Tag Archives: world public opinion survey

“Dumb” America: Is it Ignorance or Apathy?

25 Mar

by Regina Cantu @ Matt.org

Newsweek recently asked 1,000 U.S. citizens to take the US’s official citizenship test, and it turns out,
• 29% couldn’t name the vice president.
• 73% couldn’t correctly say why we fought the Cold War
• 44% were unable to define the Bill of Rights
• And 6% couldn’t even circle Independence Day on a calendar.

But this we know. Americans have been mixing up the branches and their senators since the drafting of the Constitution (Which was… when?). Civic ignorance has been mocked as much as it has been lamented ever since pollsters started publishing these alarming surveys in the late 1940s, (But please don’t ask me who was President back then!).

First let’s understand why this ignorance about government exists and why it is so widespread. Most people will claim that the complexity of the political system in this country makes it hard to stay informed. Compare our structure to most European countries whose parliaments have proportional representation, and the majority party rules without having to defer to as many subnational governments. In contrast, the US is guided by a nonproportional Senate, a web of federal, state and local bureaucracies, as well as endless elections for every available government position (judge, sheriff, school-board member, etc.) So you can see how challenging it becomes to know whom to for and when.

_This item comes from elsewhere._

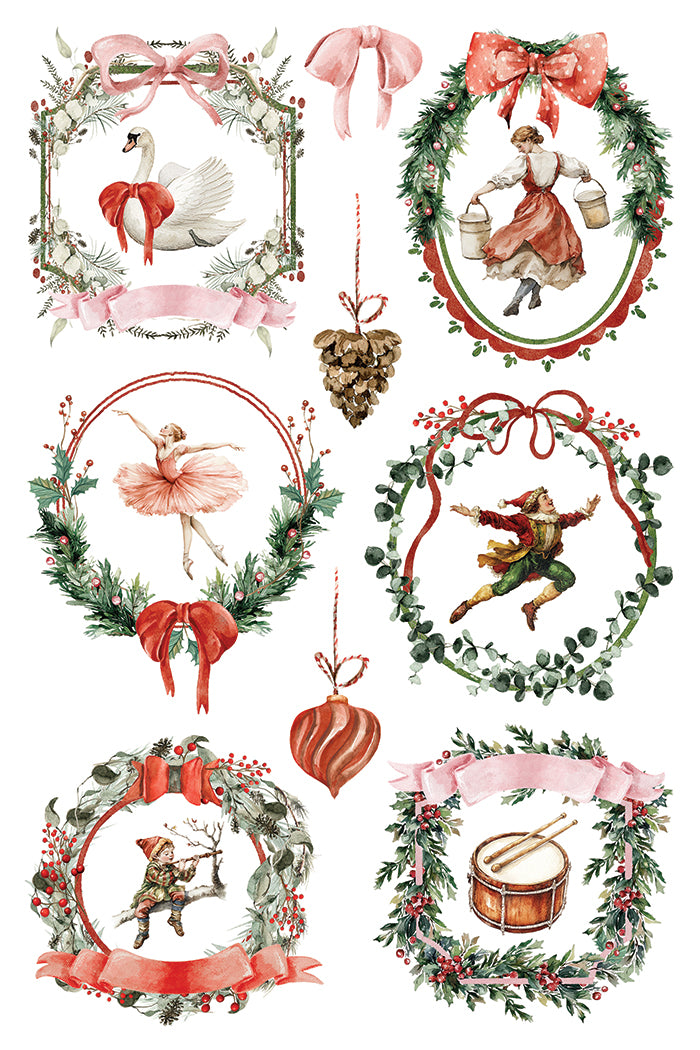 Partridge Lane Transfer by Iron Orchid Designs IOD Christmas 2025 Limited Edition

I also blame American schooling. Under the current decentralized education system, individual states structure their own curricula, and this has weakened civic culture and the common body of knowledge. To make matters worse, our TV channels and high-traffic Internet sites devote far more programming and coverage to market- and consumer-oriented topics in place of international news and public affairs, prioritizing entertainment over government issues.

As Newsweek’s Andrew Romano puts it,
For more than two centuries, Americans have gotten away with not knowing much about the world around them. But times have changed—and they’ve changed in ways that make civic ignorance a big problem going forward. While isolationism is fine in an isolated society, we can no longer afford to mind our own business. What happens in China and India (or at a Japanese nuclear plant) affects the autoworker in Detroit; what happens in the statehouse and the White House affects the competition in China and India. Before the Internet, brawn was enough; now the information economy demands brains instead.

And this is my biggest criticism of how we use the Internet. Rather than become informed or contribute to the existing body of knowledge, we choose to fill our bookmarks with entertainment and social networking sites, giving preference to an acquaintance’s Facebook photo album from some banal event we did not attend over the most pressing issues and discussions of our time. The irony of today’s Internet culture is that we are given the tools to become informed and partake in dialogue accessible to anyone, anywhere who chooses to do so, but we instead allow activists to dominate the debate from extreme ends of the spectrum while we engage in frivolous online activity, such as shopping and entertainment.

The most glaring example of our ignorance is the current conflict over government spending: Countless polls show voters have no clue what the budget actually looks like. A 2010 World Public Opinion survey found that Americans think the best way to minimize deficits is by cutting foreign aid from what they believe is the current level (27 percent of the budget) to a more prudent 13 percent. In truth, our foreign aid amounts to less than 1 percent of our budget. Needless to say, such ill informed public opinion brings into question the value of our vote. Politicians pander to these mistaken voters’ notions, and as a result, have implemented short-term solutions including cuts to more than 700,000 government jobs.

American freedom stops where American ignorance begins. In ignoring the real long-term fiscal challenges we face, we are impairing our chances to both compete and think globally. And the worst part about it is, everyone is too engrossed in entertainment to notice.